Key Concepts Learned
- EDA is exploratory data analysis:
- What the data looks like (distribution and missings)
- What patterns exist (clustering and relationships)
- What’s unusual (outliers)
- what questions does this raise
- how reliable is the dataset
- Best practcies:
- Report corresponding MOEs of ACS estimates
- Include a footnote to acknolwedge MOEs if not reporting
- provide unreliability context which would revolve around the coefficient of variation (CV <12% being good, 12-40% somewhat reliable, and CV > 40% being concerning)
- reduce statistical uncertainty, collapse or aggregate data
- stat significance tests are recommended as you go.
- Are there geographic patterns or correlations?
- Population relationships, how size affect data quality
- Are certain communities systematically different
Coding Techniques
- ggplot2:
- Data is the actual datasets
- Aesthetics, variables mapped to visual properties (x ,y ,color, size )
- Geometries, how to display the data (points, bars, lines)

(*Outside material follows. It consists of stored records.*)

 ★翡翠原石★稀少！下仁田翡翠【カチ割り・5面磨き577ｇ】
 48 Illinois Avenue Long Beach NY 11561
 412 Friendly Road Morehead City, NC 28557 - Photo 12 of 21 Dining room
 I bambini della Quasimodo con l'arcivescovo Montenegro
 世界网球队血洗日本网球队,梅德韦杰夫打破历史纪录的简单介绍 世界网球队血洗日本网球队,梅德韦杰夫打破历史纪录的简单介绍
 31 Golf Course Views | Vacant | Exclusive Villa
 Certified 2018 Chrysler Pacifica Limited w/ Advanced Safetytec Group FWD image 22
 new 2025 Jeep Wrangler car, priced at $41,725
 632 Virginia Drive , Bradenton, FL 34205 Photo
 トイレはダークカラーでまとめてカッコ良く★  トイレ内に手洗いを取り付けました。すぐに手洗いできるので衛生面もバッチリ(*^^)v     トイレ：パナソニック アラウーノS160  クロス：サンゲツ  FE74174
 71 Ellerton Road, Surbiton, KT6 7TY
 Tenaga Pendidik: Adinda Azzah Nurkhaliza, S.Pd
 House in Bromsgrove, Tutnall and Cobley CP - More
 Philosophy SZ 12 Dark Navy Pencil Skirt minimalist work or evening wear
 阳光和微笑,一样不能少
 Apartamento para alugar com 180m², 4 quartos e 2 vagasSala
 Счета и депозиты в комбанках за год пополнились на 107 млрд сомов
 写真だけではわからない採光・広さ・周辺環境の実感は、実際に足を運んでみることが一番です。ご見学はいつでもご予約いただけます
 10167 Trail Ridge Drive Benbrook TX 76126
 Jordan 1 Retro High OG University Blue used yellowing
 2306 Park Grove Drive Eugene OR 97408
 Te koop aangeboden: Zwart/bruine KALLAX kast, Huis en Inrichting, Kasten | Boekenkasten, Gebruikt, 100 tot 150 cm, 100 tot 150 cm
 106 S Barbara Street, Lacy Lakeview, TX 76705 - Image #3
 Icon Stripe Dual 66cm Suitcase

- Additional layers: scales, themes, facets and annotations
- Aesthetics:
- x, y, are data positions
- color of the point/line
- fill, is the area color
- size, point/line size
- shape, point shape
- alpha, transparency
- left_join() - keep all rows from left dataset
- right_join() - keep all rows from right dataset
- inner_join() - Keep matching only
- full_join() - just merge the datasets
Connections to Policy
- Analyzing bias within data before running analysis and providing recommendations
- this is done to allow us to ensure that no group is discriminated or biased against within the recommendations.
Reflection
- good practices in terms of coding and communication .